New in Theaters
Director: Emilio Estevez. With Anthony Hopkins, Sharon Stone, Elijah Wood, Demi Moore, William H. Macy. (120 min.)
Writer-director Emilio Estevez casts a frankly idolatrous eye on the late Robert Kennedy in this surprisingly moving and deftly made film that takes place entirely on June 4, 1968, inside the Ambassador Hotel, the day the senator was assassinated. Estevez includes news clips of Kennedy on the stump, but the film is taken up entirely with the personal stories of the guests and hotel and campaign workers. It's a sideways view of a national trauma. The large cast includes standout performances from such unlikelies as Demi Moore, playing an alcoholic crooner, and Estevez himself, as her long-suffering husband. Everyone in this film is powerful. Grade: A–
– Peter Rainer
Director: Richard Linklater. With Patricia Arquette, Bobby Cannavale, Luis Guzman, Ethan Hawke, Greg Kinnear. (106 min.)
Richard Linklater brings his lyrically digressive style to bear on this dramatic adaptation of Eric Schlosser's nonfiction exposé of the fast-food industry. Greg Kinnear plays an executive for a big burger chain who travels to the company's meat-packing plant to investigate findings that cow manure is present in the meat. Bruce Willis is his adversary. The plant is also a magnet for Mexican illegal immigrants. Their work environment is shockingly unsavory. Viewers expecting a blistering attack on the fast-food business, or an Altmanesque panorama, will be disappointed, but it's a sensitive and humane piece of work. Grade: A–
Sex/Nudity: 14 scenes, including nudity and 4 sex scenes. Violence: 3 scenes, including graphic slaughter of cattle and a gory accident. Profanity: 114 harsh profanities. Drugs/Alcohol/Tobacco: 8 scenes with drinking, 3 scenes with smoking, 1 scene with cocaine.
Director: George Miller. With the voices of Elijah Wood, Robin Williams, Hugh Jackman, Nicole Kidman, Brittany Murphy. (108 min.)
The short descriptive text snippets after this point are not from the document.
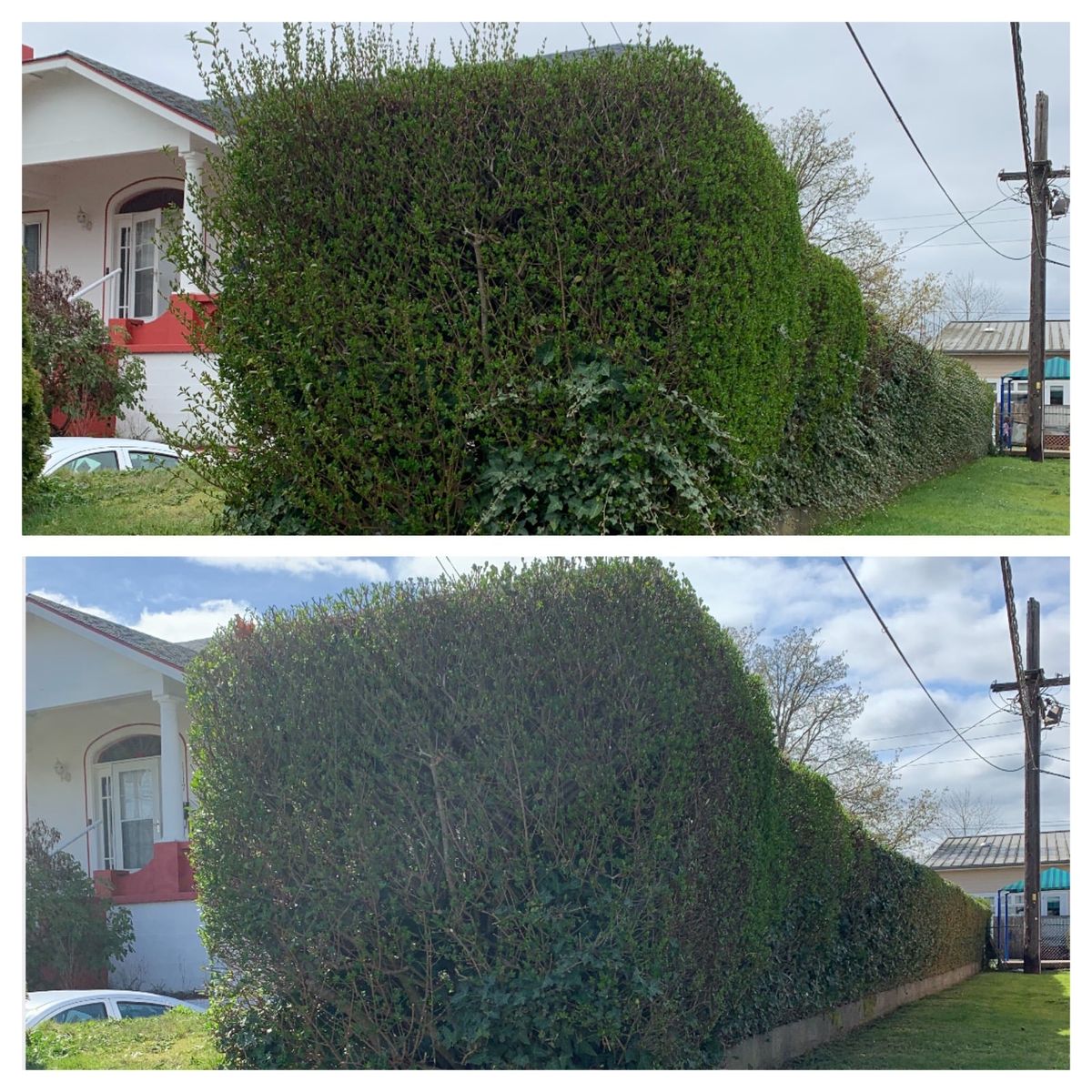 Shrub Trimming for Hall of Fame Landscaping in Bremerton, WA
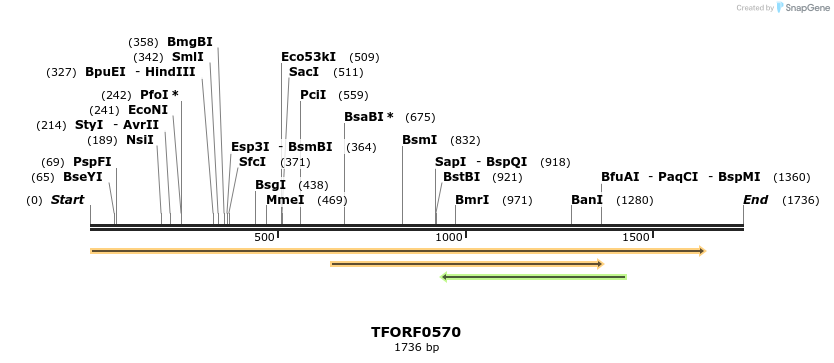 280082_map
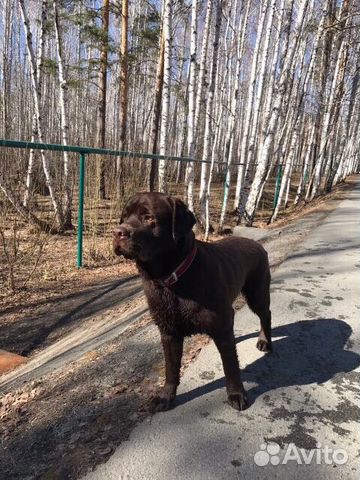 Шикарный кобель для вязки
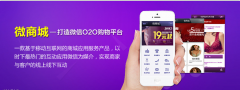 广州微信商城网站首页策划方案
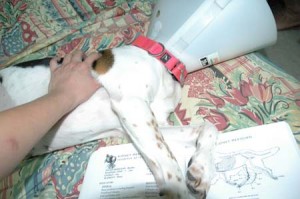 1380945212-1727839735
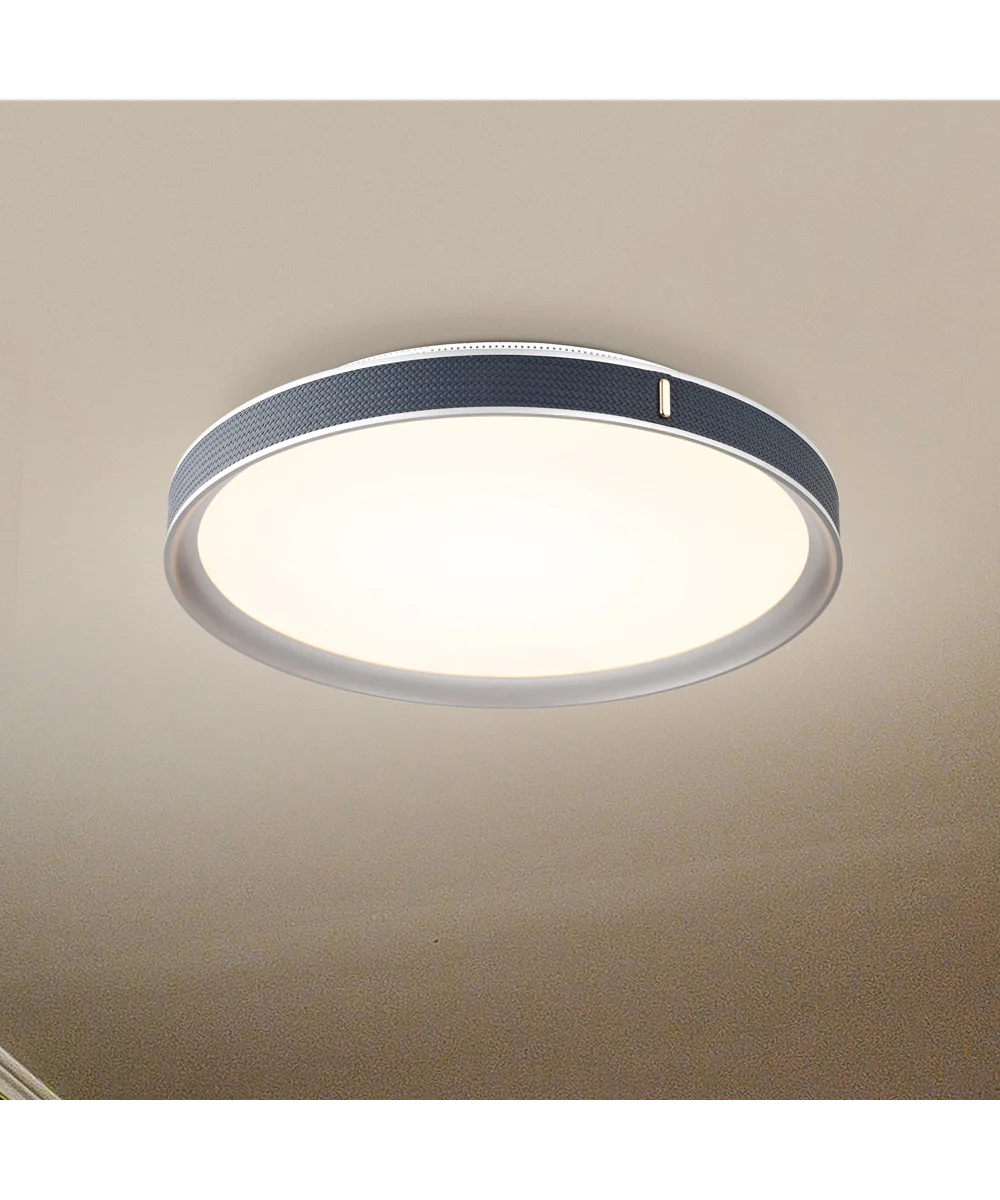 Bandon Close-to-Ceiling Gray - Image 3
Dropped on his head while still in the egg, Mumble the emperor penguin (Elijah Wood) is "differently abled." He tap dances, but he can't sing the pop tunes that will attract a mate. His dancing is such a break with custom that the flock's elders claim it's driving fish away. Mumbles thinks that humans' overfishing of the seas is the cause and sets out to get them to stop. Much indebted to last year's "March of the Penguins," this computer-animated feature ranges from cartoon cute to spectacularly beautiful to environmentally aware. Scary encounters with predators may be too intense for some younger children, though. Grade: B
– M.K. Terrell
Sex/Nudity: 2 scenes of mild innuendo. Violence: 6 scenes of penguins in peril. Profanity: None. Drugs/Alcohol/Tobacco: None.